Una de las implicancias de lo anterior es que en ambos períodos ampliamente delimitados, el agro exportador y el de sustitución de importaciones, la economía argentina parece exhibir dificultades para impulsar un crecimiento sostenido a largo plazo y que esas dificultades aparecen pobremente incorporadas en el debate actual sobre orientaciones de política económica que, más bien, parecen insistir en el más tradicional contrapunto enunciado a trazo grueso entre liberales y populistas, o entre partidarios de la economía de mercado o de la regulación estatal, como si tales cosas conformaran una descripción completa de las dificultades y los desafíos en la elaboración de una estrategia de desarrollo a largo plazo.
A diferencia de otras experiencias de países de la región (México, Chile, Brasil, etc.) que han sabido conectar las dos fases de desarrollo de manera más exitosa, a veces por medios democráticos y a veces por medios que no lo fueron, la Argentina parece atrapada en un intento voluntarista por restaurar un pasado presentado como pleno y deseable, sea ese pasado el país anterior a la década del 40 o aquel que fue alumbrado por los años del peronismo y los gobiernos que lo siguieron. Como acabamos de argumentar ese modo de proceder se parece más a la prescripción de alguna clase de placebo para un enfermo crónico que a un intento serio y apoyado en las evidencias para asistirlo en un proceso lento pero creíble de recuperación.

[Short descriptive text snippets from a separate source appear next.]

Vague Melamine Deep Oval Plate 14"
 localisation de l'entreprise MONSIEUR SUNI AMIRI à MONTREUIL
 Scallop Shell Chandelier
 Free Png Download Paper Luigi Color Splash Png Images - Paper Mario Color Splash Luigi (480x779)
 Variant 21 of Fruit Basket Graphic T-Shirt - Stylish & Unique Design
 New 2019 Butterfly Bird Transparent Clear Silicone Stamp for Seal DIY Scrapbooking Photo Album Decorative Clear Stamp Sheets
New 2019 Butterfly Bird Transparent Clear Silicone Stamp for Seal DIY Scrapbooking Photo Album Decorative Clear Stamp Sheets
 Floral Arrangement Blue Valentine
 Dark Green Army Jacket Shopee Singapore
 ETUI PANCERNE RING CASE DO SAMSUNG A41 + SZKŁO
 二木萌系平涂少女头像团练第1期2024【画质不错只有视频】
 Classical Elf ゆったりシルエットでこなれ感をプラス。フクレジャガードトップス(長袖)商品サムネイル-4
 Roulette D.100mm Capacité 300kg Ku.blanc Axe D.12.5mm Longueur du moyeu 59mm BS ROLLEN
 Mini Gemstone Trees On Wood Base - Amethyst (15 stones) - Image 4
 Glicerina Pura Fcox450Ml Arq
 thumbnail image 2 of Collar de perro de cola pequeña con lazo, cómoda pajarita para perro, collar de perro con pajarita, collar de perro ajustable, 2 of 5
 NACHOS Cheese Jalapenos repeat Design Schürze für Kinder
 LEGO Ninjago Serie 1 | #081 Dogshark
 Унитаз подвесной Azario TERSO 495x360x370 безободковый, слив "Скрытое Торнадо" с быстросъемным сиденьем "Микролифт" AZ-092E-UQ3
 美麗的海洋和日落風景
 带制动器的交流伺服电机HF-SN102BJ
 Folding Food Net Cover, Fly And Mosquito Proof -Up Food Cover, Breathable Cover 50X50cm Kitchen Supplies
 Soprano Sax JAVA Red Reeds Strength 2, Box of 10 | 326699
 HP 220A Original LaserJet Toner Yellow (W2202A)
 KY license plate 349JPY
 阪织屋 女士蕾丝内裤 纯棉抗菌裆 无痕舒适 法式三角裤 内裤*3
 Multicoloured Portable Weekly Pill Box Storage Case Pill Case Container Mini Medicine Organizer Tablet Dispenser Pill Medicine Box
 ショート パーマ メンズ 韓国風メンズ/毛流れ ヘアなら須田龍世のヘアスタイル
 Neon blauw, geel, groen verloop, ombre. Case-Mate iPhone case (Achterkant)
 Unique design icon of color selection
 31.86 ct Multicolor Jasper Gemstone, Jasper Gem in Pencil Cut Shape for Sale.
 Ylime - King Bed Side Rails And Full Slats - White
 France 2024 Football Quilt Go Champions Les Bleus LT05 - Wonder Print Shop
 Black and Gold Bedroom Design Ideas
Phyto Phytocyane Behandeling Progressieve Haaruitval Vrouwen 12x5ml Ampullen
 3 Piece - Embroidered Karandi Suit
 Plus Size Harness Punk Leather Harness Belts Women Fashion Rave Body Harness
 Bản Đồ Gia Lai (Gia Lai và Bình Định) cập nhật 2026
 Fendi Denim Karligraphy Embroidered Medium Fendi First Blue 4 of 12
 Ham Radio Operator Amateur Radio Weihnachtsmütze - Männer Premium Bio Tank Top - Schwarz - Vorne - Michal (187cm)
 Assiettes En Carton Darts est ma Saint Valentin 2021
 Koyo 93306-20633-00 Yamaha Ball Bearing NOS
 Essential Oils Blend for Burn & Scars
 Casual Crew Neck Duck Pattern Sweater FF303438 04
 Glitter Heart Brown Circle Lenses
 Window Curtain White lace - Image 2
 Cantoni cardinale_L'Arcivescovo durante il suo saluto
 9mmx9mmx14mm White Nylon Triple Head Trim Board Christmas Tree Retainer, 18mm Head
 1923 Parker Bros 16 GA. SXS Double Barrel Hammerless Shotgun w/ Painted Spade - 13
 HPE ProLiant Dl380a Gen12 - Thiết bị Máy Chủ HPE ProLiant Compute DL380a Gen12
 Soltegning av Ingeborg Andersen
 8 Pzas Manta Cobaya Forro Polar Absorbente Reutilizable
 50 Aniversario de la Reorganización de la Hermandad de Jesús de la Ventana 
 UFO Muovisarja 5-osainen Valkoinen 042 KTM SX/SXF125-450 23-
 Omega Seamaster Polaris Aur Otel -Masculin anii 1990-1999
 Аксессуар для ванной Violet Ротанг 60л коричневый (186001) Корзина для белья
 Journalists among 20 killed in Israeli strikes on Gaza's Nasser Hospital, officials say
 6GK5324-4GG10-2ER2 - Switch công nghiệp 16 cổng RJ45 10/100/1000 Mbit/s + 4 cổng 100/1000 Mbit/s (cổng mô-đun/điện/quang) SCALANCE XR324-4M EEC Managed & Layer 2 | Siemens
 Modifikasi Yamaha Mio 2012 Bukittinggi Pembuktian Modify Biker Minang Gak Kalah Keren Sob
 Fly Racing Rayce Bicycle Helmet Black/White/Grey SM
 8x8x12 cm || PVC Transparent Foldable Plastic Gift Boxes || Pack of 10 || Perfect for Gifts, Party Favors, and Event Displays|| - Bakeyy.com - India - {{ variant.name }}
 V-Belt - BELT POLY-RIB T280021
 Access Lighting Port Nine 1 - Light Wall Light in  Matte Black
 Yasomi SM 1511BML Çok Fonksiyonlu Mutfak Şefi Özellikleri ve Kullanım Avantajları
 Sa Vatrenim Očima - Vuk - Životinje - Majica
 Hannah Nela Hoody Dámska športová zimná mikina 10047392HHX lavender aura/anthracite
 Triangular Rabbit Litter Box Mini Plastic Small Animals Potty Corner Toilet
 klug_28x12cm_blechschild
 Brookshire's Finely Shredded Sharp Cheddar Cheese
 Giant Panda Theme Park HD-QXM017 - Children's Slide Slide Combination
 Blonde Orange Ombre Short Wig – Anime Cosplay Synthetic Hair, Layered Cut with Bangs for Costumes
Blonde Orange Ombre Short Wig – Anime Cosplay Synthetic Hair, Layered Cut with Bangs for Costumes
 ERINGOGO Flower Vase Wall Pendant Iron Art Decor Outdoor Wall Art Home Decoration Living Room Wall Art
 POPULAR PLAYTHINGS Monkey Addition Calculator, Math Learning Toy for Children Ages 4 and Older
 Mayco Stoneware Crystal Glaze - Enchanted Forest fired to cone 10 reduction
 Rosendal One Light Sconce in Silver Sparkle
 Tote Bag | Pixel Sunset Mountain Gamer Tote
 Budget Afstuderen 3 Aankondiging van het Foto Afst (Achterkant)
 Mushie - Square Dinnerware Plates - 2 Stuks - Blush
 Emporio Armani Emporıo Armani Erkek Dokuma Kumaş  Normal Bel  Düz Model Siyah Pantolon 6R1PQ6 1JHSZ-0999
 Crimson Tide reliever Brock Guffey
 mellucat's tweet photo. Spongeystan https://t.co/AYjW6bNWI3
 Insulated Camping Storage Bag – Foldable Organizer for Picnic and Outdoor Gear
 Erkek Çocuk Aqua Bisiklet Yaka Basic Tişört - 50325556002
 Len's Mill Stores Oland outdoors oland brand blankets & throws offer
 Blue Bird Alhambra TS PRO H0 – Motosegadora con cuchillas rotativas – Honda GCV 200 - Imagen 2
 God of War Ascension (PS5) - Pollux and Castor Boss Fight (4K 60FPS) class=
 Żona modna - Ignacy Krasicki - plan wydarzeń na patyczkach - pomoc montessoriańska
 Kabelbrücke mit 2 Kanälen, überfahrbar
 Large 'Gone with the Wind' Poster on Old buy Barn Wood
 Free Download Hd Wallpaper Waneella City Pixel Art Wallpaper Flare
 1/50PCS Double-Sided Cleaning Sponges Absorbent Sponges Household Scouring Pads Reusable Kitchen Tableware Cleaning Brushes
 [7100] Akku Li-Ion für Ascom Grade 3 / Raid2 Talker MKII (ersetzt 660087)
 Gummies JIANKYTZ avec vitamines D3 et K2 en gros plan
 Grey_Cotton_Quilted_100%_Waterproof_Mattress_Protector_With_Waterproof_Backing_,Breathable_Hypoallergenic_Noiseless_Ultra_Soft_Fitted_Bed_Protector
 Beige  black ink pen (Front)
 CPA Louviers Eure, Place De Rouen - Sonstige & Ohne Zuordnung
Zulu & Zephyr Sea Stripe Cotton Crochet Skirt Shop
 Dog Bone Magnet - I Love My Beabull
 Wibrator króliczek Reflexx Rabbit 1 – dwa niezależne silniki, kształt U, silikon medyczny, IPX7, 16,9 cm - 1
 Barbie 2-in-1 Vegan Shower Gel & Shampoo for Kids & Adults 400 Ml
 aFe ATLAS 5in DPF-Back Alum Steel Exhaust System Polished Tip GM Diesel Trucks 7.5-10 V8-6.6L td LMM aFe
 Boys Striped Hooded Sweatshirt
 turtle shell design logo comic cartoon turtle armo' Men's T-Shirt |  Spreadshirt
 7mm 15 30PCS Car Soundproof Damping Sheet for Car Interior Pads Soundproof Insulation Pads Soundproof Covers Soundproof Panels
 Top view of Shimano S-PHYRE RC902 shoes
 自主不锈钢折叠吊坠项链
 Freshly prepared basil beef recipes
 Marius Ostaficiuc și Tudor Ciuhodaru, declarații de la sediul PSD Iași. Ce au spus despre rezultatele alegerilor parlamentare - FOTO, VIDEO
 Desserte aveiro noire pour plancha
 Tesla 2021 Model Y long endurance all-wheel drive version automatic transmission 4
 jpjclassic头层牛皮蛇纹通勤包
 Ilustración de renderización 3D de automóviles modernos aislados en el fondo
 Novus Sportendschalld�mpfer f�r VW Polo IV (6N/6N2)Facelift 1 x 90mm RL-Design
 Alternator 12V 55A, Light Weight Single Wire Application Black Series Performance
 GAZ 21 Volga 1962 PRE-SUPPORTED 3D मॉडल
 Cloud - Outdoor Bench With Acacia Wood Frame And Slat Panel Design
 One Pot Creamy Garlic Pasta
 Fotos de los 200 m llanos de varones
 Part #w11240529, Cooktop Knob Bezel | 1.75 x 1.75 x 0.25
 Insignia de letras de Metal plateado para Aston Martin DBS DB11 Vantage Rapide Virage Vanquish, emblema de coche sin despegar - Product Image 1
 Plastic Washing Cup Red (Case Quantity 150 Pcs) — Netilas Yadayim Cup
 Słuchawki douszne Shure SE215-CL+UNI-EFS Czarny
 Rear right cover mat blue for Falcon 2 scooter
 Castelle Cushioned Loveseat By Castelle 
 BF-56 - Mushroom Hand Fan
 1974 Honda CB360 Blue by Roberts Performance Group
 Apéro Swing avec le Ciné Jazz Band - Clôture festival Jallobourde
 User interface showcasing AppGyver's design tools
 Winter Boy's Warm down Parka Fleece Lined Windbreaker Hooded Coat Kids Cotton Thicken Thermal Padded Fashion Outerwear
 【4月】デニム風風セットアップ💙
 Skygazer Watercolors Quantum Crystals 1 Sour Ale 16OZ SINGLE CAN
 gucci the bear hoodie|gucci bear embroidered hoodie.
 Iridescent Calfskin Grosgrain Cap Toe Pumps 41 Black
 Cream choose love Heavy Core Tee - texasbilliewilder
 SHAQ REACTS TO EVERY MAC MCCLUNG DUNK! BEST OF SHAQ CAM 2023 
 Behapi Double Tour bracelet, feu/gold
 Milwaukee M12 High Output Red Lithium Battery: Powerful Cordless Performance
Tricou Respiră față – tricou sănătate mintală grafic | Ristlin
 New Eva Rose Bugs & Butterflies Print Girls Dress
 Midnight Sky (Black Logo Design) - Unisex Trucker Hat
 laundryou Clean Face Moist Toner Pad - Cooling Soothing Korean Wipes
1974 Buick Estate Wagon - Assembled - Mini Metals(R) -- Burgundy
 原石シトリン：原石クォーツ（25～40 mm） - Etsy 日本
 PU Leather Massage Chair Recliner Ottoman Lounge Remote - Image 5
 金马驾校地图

Como en los últimos 20 años ha tendido a prevalecer el enfoque que prioriza el papel del estado como asignador de recursos, un discurso que desestima o menoscaba el papel del sector privado y los incentivos y una retórica de los derechos poco atenta a las implicancias fiscales de la multiplicación de “derechos” (muchos de los cuáles son asignaciones discrecionales de fondos más que derechos) es natural que hoy se viva en el país un resurgimiento de las ideas que reclaman un ajuste estructural del papel del estado. Como esa discusión, en buena medida, implica la natural discusión acerca de los medios legítimos de financiar la actividad del sector público, esa discusión es desde luego bienvenida: la inhabilidad del estado para alinear su actividad con sus fuentes de financiamiento está en la base del creciente endeudamiento del sector público, del déficit cuasi fiscal y de la alta inflación.
Dicho eso, junto a esa discusión que es una orientada a estabilizar el entorno macroeconómico que el país necesita para poder volver a funcionar de manera medianamente ordenada, la Argentina necesita discutir como hizo algunas veces en el pasado (pienso por ejemplo en la discusión sobre el Plan Pinedo en 1930 o, más acá en el tiempo, el desafío planteado a la elite política por las ideas de Frondizi y Frigerio en los años 60) el rol de la ciencia, la industria, el comercio, el sistema financiero, la universidad y la totalidad del sistema educativo para alinearlos con el horizonte de un país que debe volver a poner en su agenda el modo de generar prosperidad más que el modo de financiar los paliativos al fracaso en hacerlo.